Zone 51/CIA : une redite, comme rapport, mais à lire quand même
C'est encore un peu l'été et la presse n'a rien à se mettre sous la main (les journalistes ignorent jusqu'au nom de JJ Cale, c'est vous dire). Alors lorsque la CIA remet un rapport sur l'existence de la fameuse base 51, jusqu'ici toujours niée, pensez donc, on y a droit à Roswell et aux extra-terrestres en papier mâché ou en caoutchouc façon Jacques Pradel. Car bien entendu, pas un des journalistes ne s'est coltiné la LECTURE attentive de ce volumineux opus de plus de 300 pages. Et pas un ne s'est aperçu que tout avait déjà été écrit et répandu à l'extérieur dans une version expurgée, il est vrai (*) ! Et pourtant, cela regorge d'informations, dont je vais bien sûr vous livrer les premières bribes ici-même, en attendant de pousser plus loin la lecture. Sans trop de surprises, ce rapport démontre une chose évidente : à Groom Lake, il y avait des machines volantes étonnantes, certes, mais de fabrication humaine seulement. Et des êtres humains surtout comme pilotes, obligés à une réserve bien verrouillée, étant donné le contexte, celui de la Guerre Froide, où tous les articles de presse étaient épluchés par les espions adverses, même les journaux de jardinage. Cette sortie estivale de documents de la CIA est donc l'occasion de revisiter un pan de l'histoire contemporaine. Mais commençons tout d'abord par des engins volants venus d'ailleurs. De l'URSS tout d'abord...

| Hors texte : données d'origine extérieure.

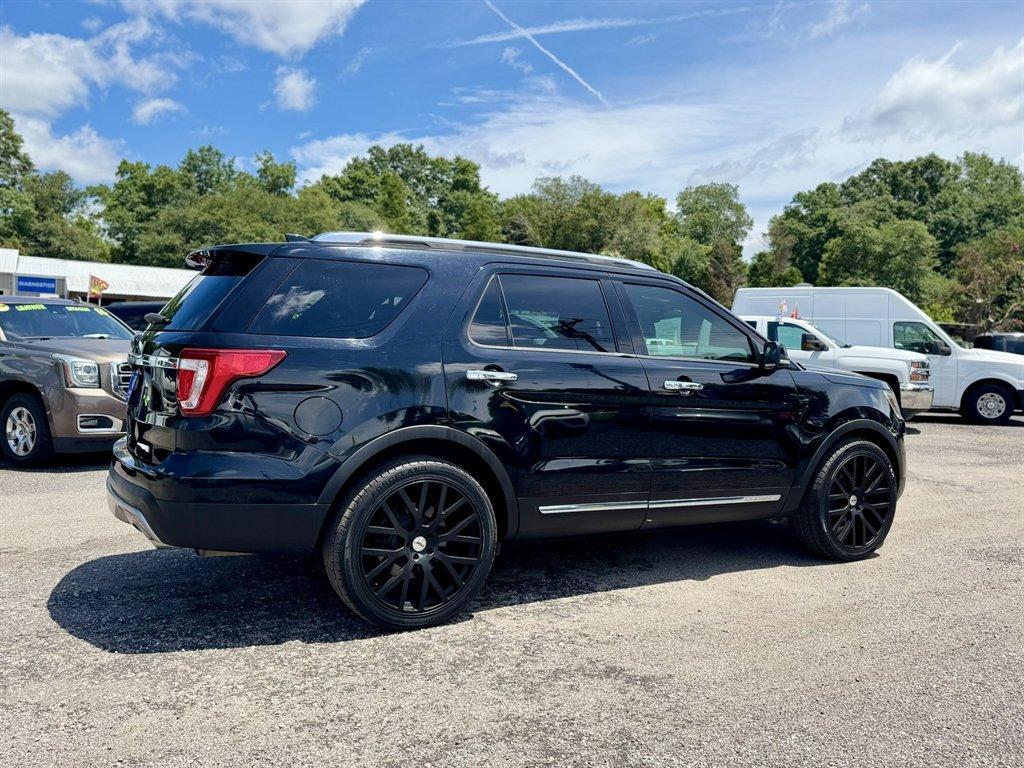 2017 Black /Black Ford Explorer (1FM5K7F8XHG) with an 3.5l V6 Smpi TI-VCT 3.5l engine, Automatic transmission, located at 745 East Steele Rd., West Columbia, SC, 29170, (803) 755-9148, 33.927212, -81.148483 - Photo#3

La zone 51, une zone mystérieuse ? Pour sûr, à lire cette savoureuse anecdote retrouvée dans mes archives aéronautiques (in Aviation Magazine, N°922 de juillet-août 1986), sur le "Box", la zone interdite de vol autour de la Base 51 : "c'est de là que l'USAF met en œuvre les matériels soviétiques qu'elle est parvenue à récupérer, (exemple avec ce Mig 21 flambant neuf) comme par exemple le MiG-23 qui s'est écrasé l'an dernier avec, aux commandes, le général Bond. Il est vraissemblable que c'est également sur ce terrain qu'elle expérimente le F-19 à technologie Stealth's, et non à Indian Springs comme ont pu le prétendre certains auteurs (ce sera le F-117 au final, précédé par l'expérimentateur de taille réduite Have Blue, qui a été enterré sur place après accident !). "Le site de Groom Lake, lui, offre de bien meilleures garanties de discrétion, comme en témoigne la mésaventure survenue en1982 à à un pilote de Jaguar anglais participant à Red Flag. Victime d'une chute de poussée alors qu'il évoluait dans la partie Nord-Ouest du "Range", il essaya de regagner Nellis par la voie la plus directe, ce qui l'amena à survoler la "Box" (le surnom de la Zone 51). Son avion étant de plus en plus difficile à maintenir en ligne de vol, il aperçut la piste de Groom Lake et, malgré l'interdiction, s'y posa. Retenu là pendant plusieurs jours, il fut finalement restitué aux anglais mais ne se souvenait plus ni de son nom, ni de son grade, ni bien entendu de ce qui s'étaitpassé durant les jours précédents...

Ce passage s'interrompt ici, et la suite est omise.